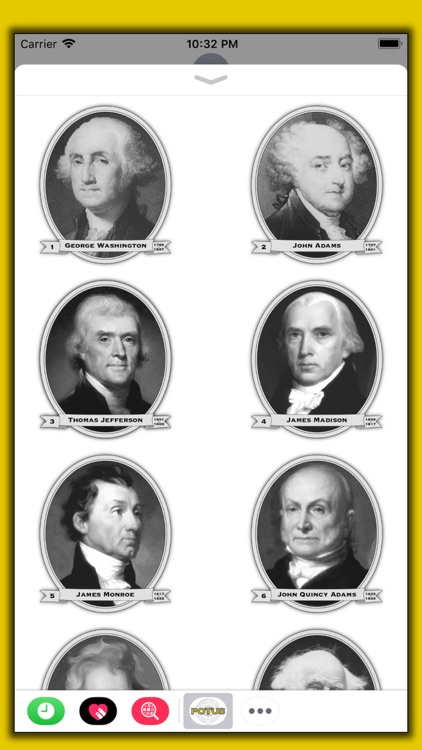 POTUS - US Presidents Stickers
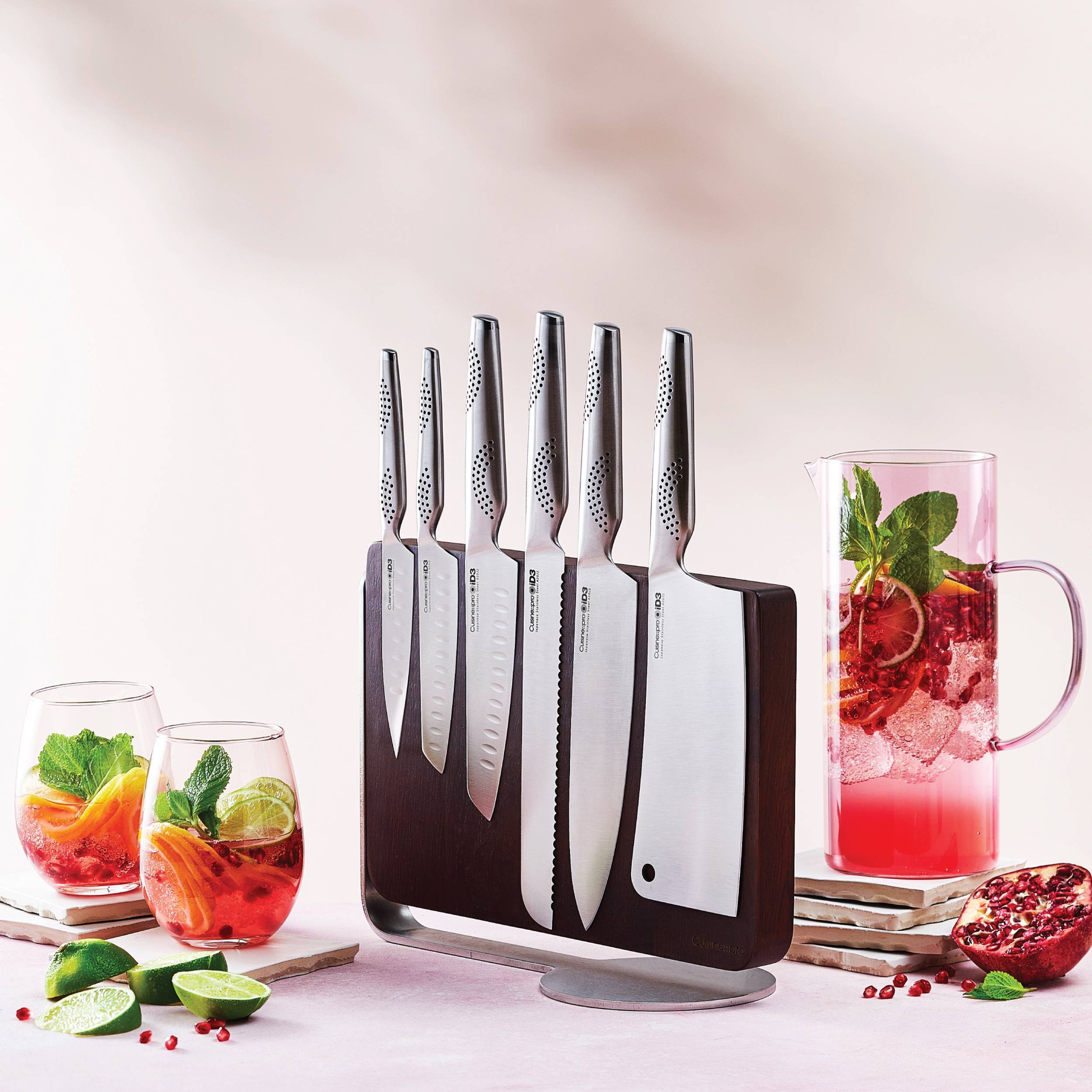 Bloc de couteaux 7 pièces Nakano iD3®Cuisine::pro®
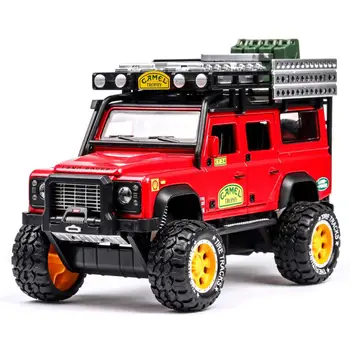 

Kuulee 1:28 Light Sound Simulation SUV Car Model 6 Doors Open Alloy Pull Back Auto Toy Collection colorful carton pull back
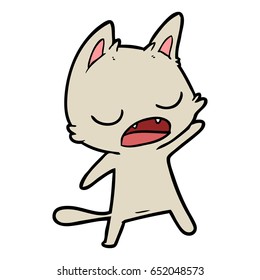 caricatura de gato parlante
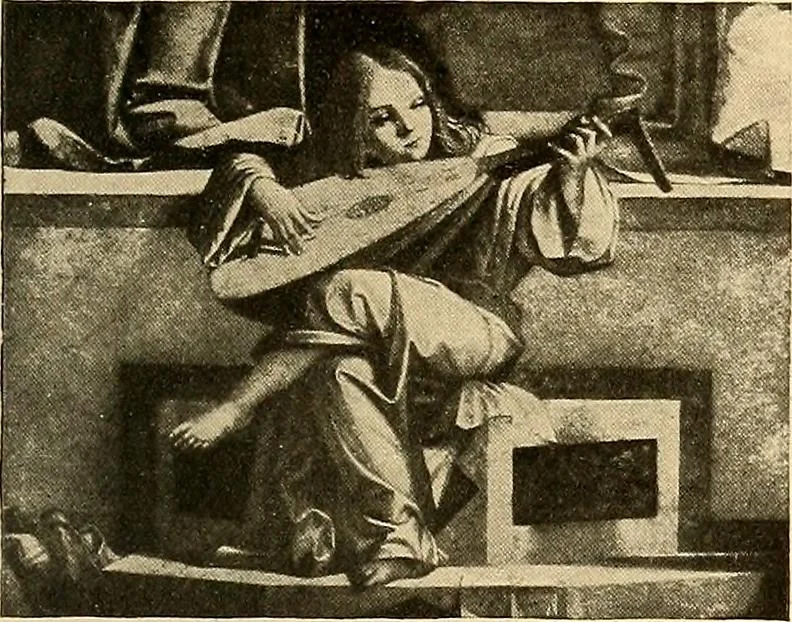 An illustration from Catalog of large carbon photographs, photogravures, engravings, etchings and copper-plate paintings in the educational art exhibitions of A.W. Elson & Company with a list of other pictures recommended for school, library, and home decoration, 1910, leaf 44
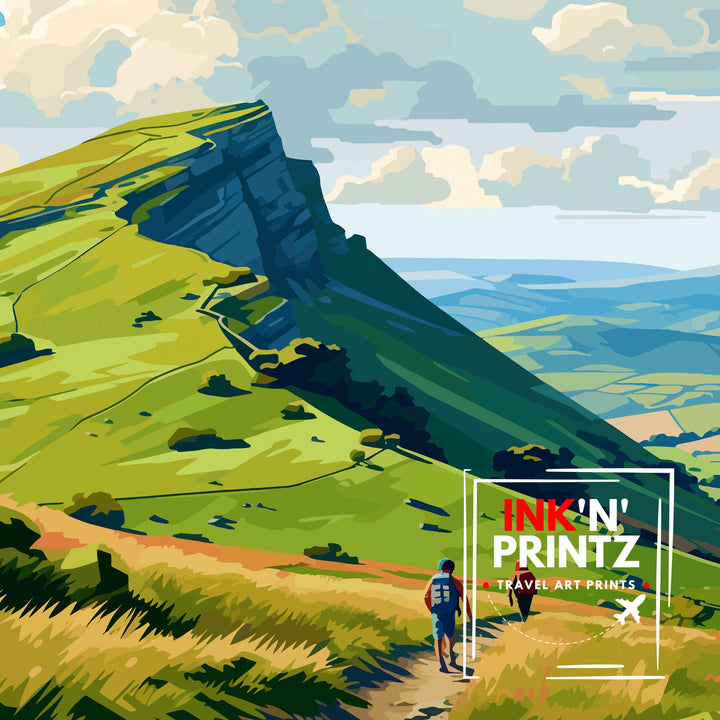 Mam Tor Peak District Travel Poster Peak District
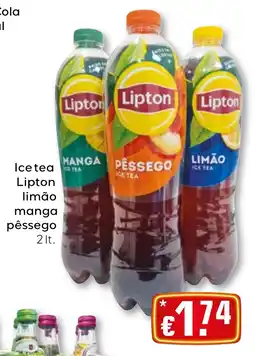 Bolama Ice tea Lipton limão manga pêssego promoção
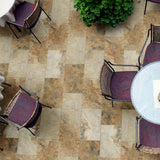 MSI Porcini Gold 2 cm. x 16 in. x 24 in. Tumbled Travertine Paver Tile (160.2 sq. ft./Pallet)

● ● ● ●

■ Exercise brief
The whole listing above must be returned exactly as written, with no pictures carried over.

■ Output of the exercise
 POTUS - US Presidents Stickers
 Bloc de couteaux 7 pièces Nakano iD3®Cuisine::pro®

Kuulee 1:28 Light Sound Simulation SUV Car Model 6 Doors Open Alloy Pull Back Auto Toy Collection colorful carton pull back
 caricatura de gato parlante
 An illustration from Catalog of large carbon photographs, photogravures, engravings, etchings and copper-plate paintings in the educational art exhibitions of A.W. Elson & Company with a list of other pictures recommended for school, library, and home decoration, 1910, leaf 44
 Mam Tor Peak District Travel Poster Peak District
 Bolama Ice tea Lipton limão manga pêssego promoção
 MSI Porcini Gold 2 cm. x 16 in. x 24 in. Tumbled Travertine Paver Tile (160.2 sq. ft./Pallet)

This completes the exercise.